Direct naar content gaan

Samenvatting

Het geschil in deze zaak betreft de vraag of de Belgische pensioenregeling van een in Nederland werkzame belastingplichtige kan worden aangemerkt als pensioenregeling in de zin van de Wet LB 1964. X (belanghebbende) werkt sinds 1978 voor hetzelfde concern. Eerst in een Belgische vestiging waar hij in een pensioenregeling deelnam. Vanaf 1 juli 2007 werkt hij in een Nederlandse vestiging van dat concern waarbij hij bleef deelnemen aan de Belgische pensioenregeling. Die regeling kent de mogelijkheid van afkoop en voldoet daarom niet aan de eisen die de Wet LB 1964 aan een pensioenregeling stelt.

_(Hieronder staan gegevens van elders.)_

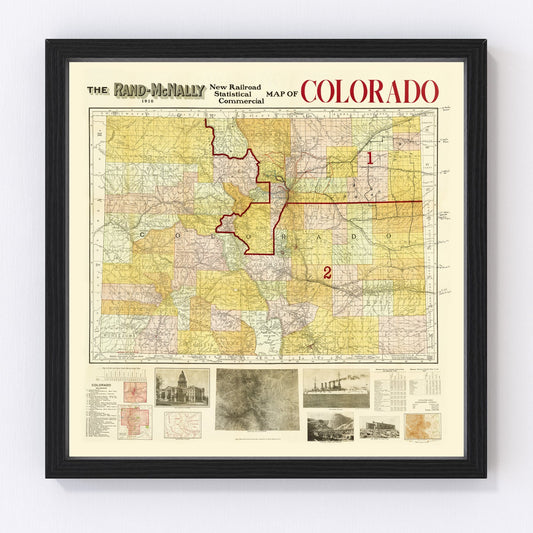 Vintage map of Colorado, 1910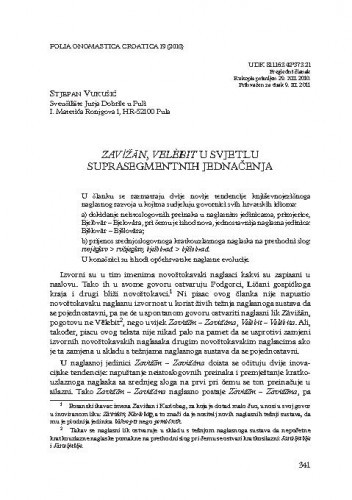 Zavižan, Velebit u svjetlu suprasegmentnih jednačenja / Stjepan Vukušić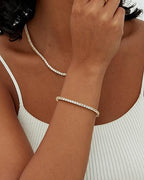 Bracelet de tennis plaqué or avec moissanite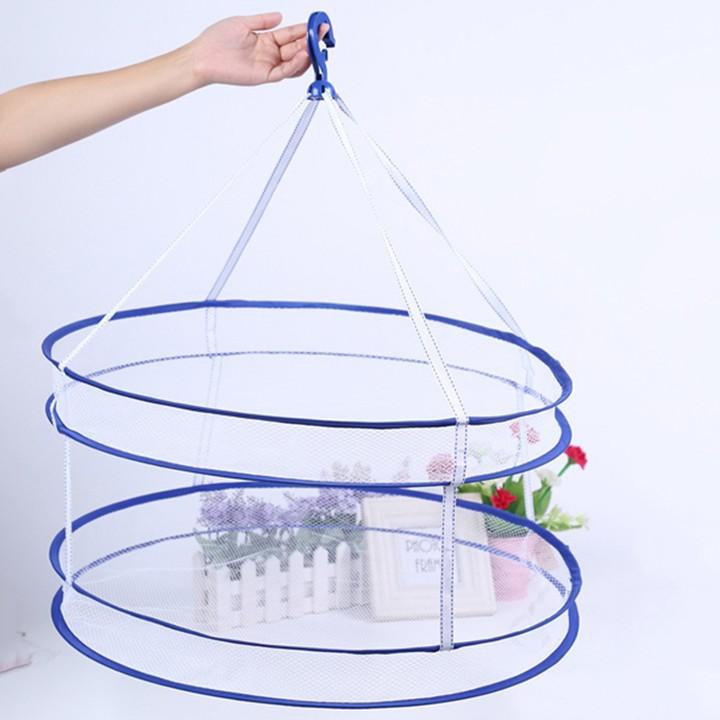 Giỏ treo phơi tất và đồ lót 2 tầng bằng vải lưới có thể gấp gọn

De Inspecteur heeft die regeling voor een periode van vijf jaar aangewezen als zuivere pensioenregeling. Na ommekomst van die periode past de werkgever de zogenoemde omkeerregel niet meer toe.

X komt daartegen op.

Hof Den Bosch geeft hem gelijk omdat de omkeerregel wel wordt toegepast wanneer een Nederlands ingezetene bij een in België gevestigde werkgever in een Belgische pensioenregeling deelneemt.

De staatssecretaris heeft tegen deze uitspraak cassatieberoep ingesteld.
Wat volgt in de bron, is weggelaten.